→ Record extracts
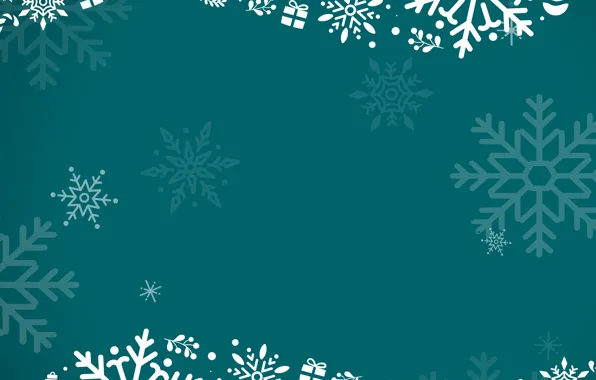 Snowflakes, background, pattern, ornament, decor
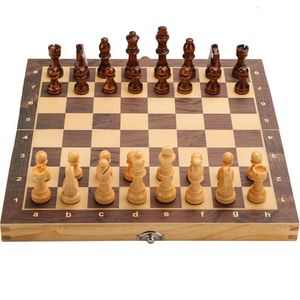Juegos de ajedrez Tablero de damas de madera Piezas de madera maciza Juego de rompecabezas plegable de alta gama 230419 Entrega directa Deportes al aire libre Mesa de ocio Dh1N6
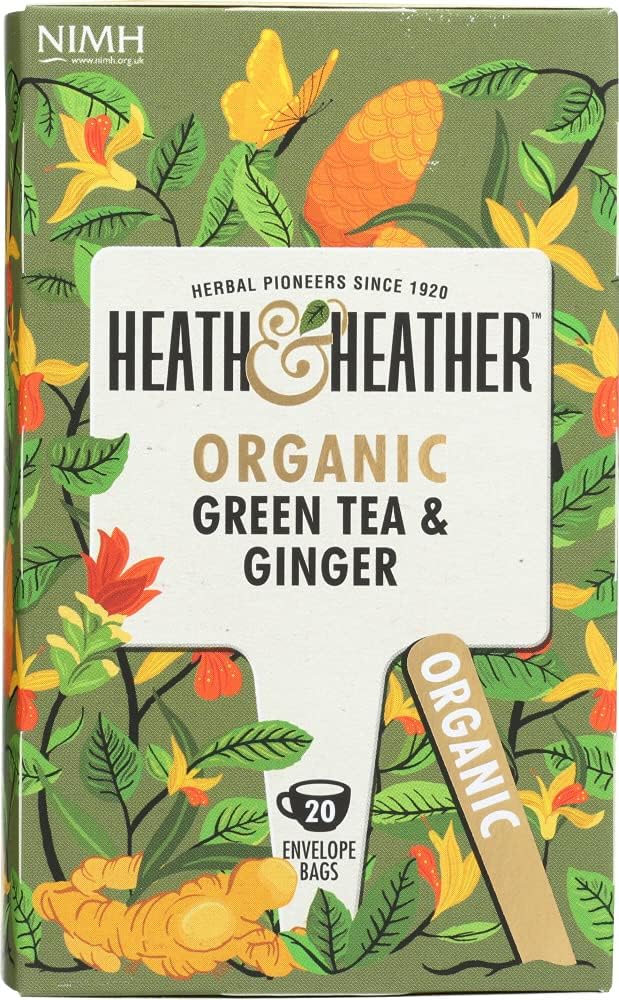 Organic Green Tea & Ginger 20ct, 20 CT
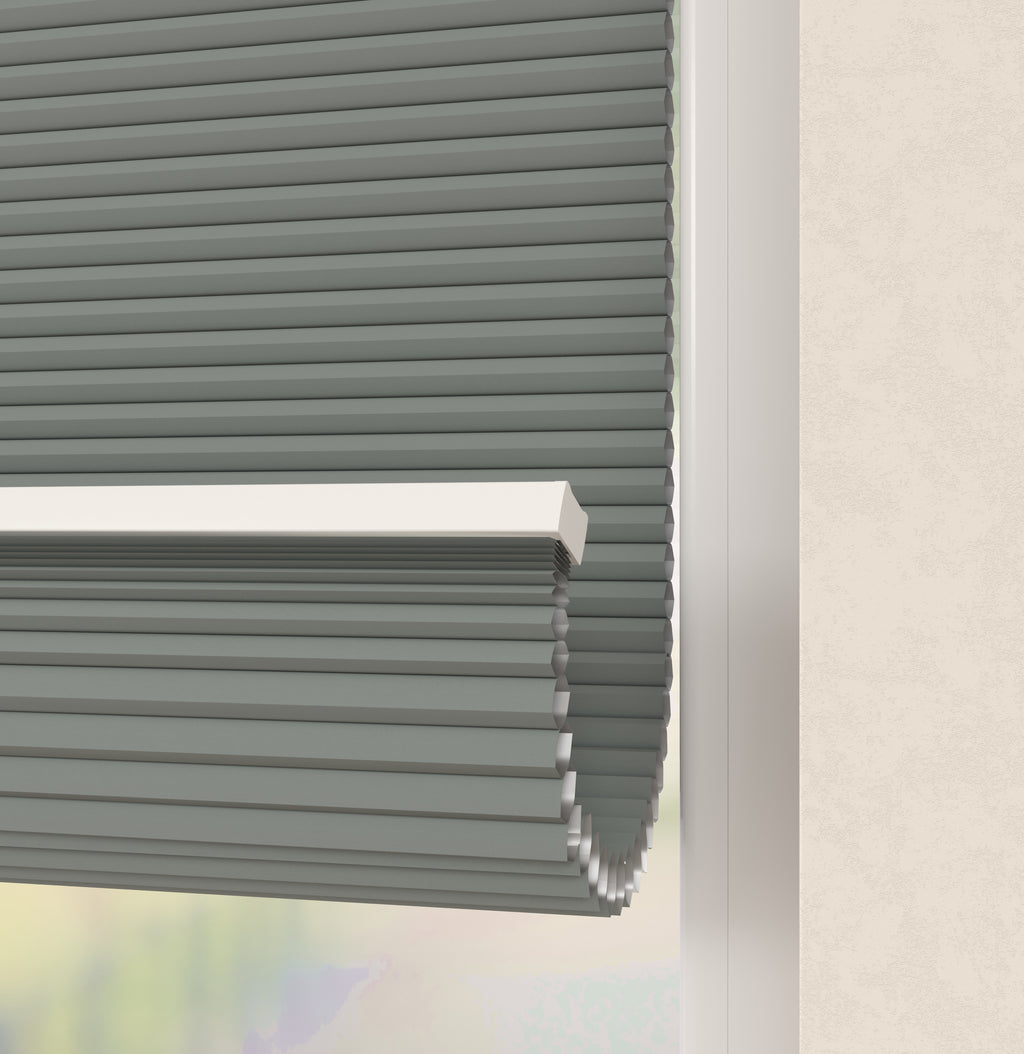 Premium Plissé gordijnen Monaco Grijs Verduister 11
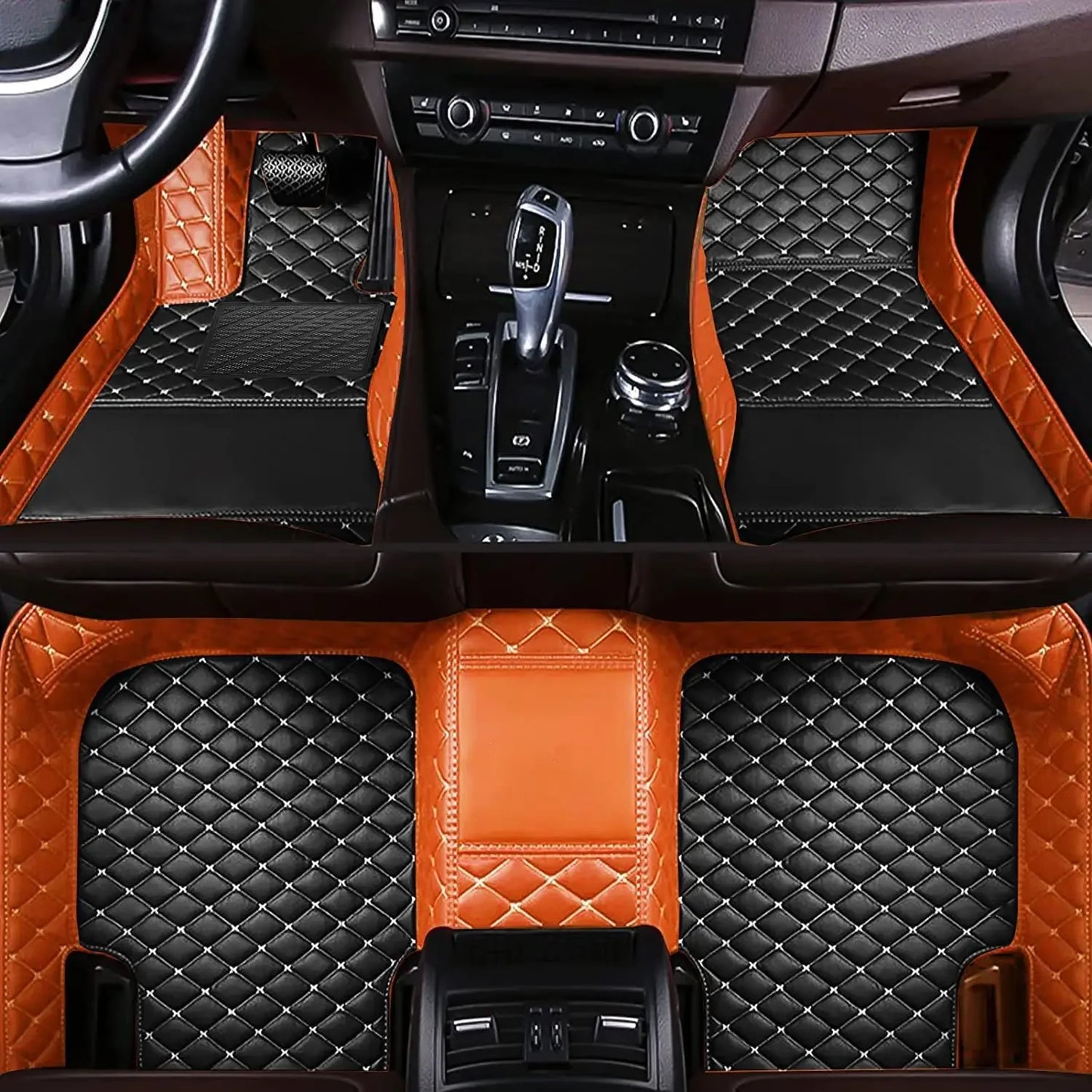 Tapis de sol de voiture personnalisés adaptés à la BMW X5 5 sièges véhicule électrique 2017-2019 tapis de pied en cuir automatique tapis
==
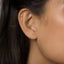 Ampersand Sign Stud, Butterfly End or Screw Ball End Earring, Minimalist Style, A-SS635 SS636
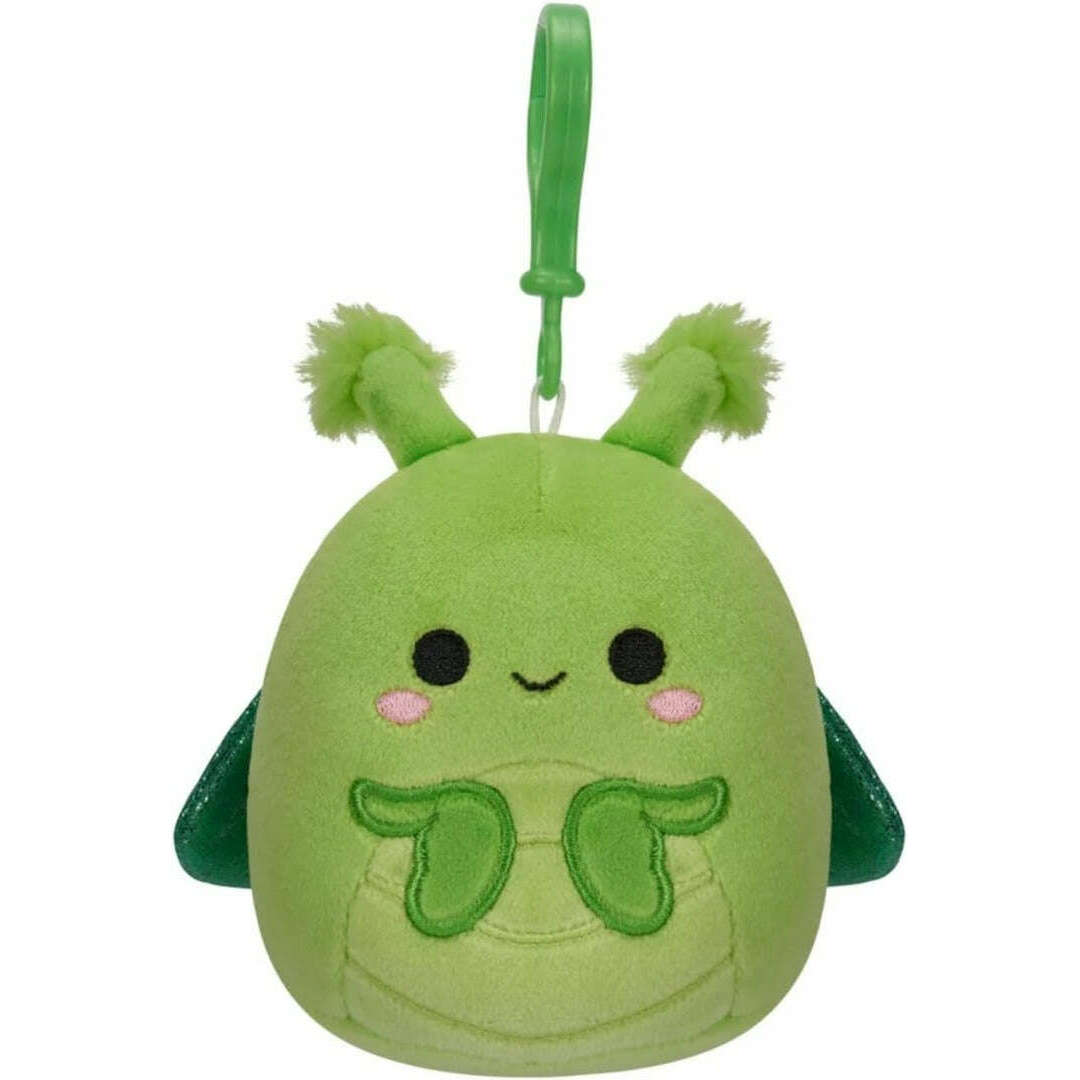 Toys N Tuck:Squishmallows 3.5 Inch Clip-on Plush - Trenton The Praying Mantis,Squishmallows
==
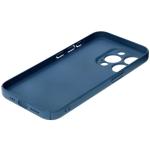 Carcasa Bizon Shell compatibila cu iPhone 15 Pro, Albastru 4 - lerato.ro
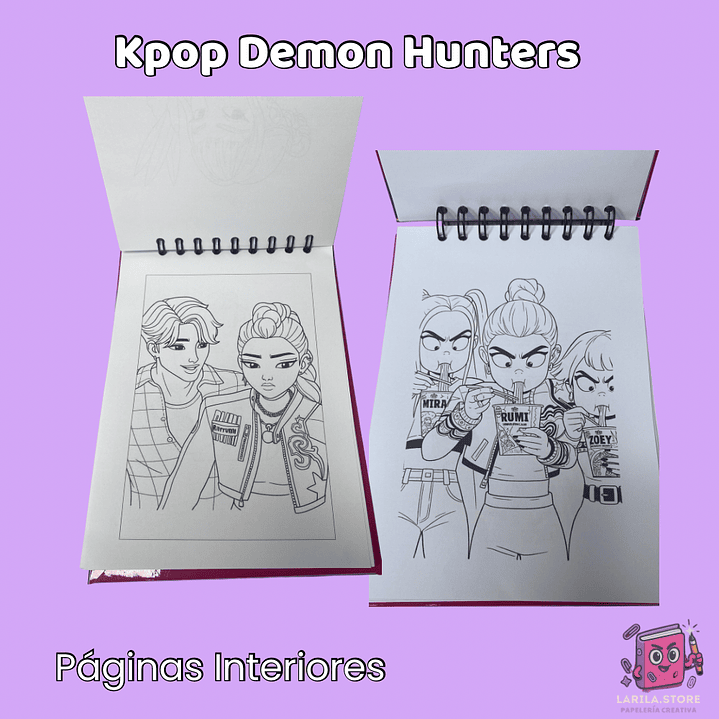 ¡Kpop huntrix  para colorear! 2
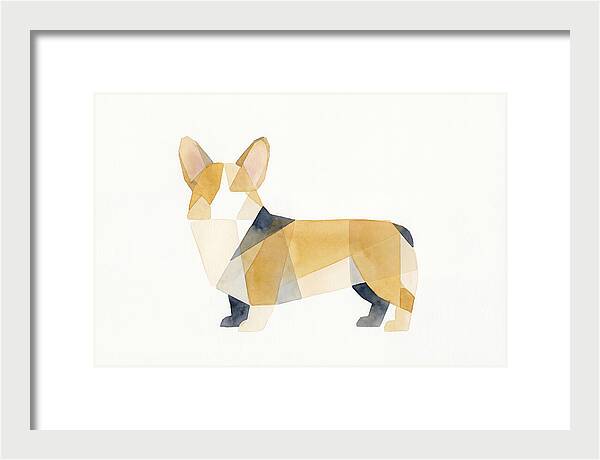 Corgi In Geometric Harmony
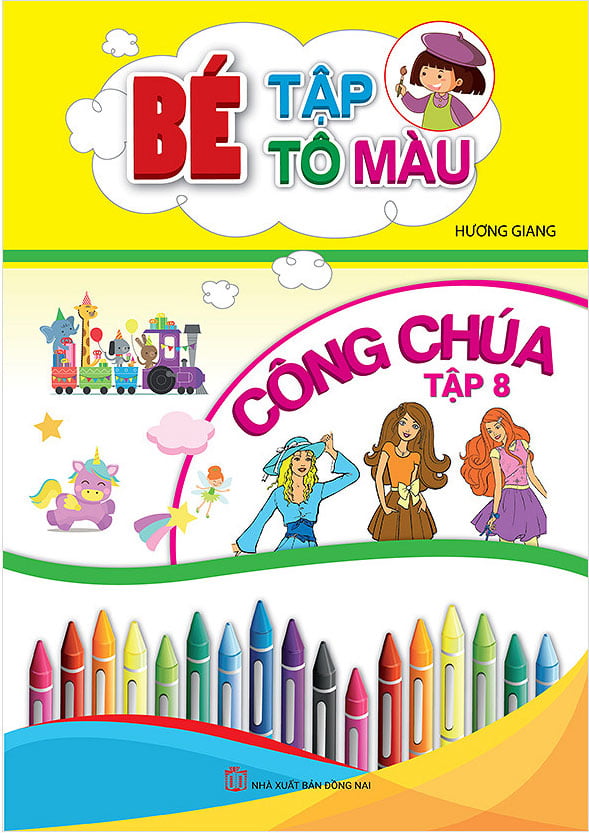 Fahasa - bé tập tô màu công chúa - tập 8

→ Task objective
From the records above, write out exactly the lines that begin at the line with "para colorear! 2" and end at the line with "Fahasa - bé tập tô màu công chúa - tập 8". Pictures must not appear in the output.

→ Written reply
 ¡Kpop huntrix  para colorear! 2
 Corgi In Geometric Harmony
 Fahasa - bé tập tô màu công chúa - tập 8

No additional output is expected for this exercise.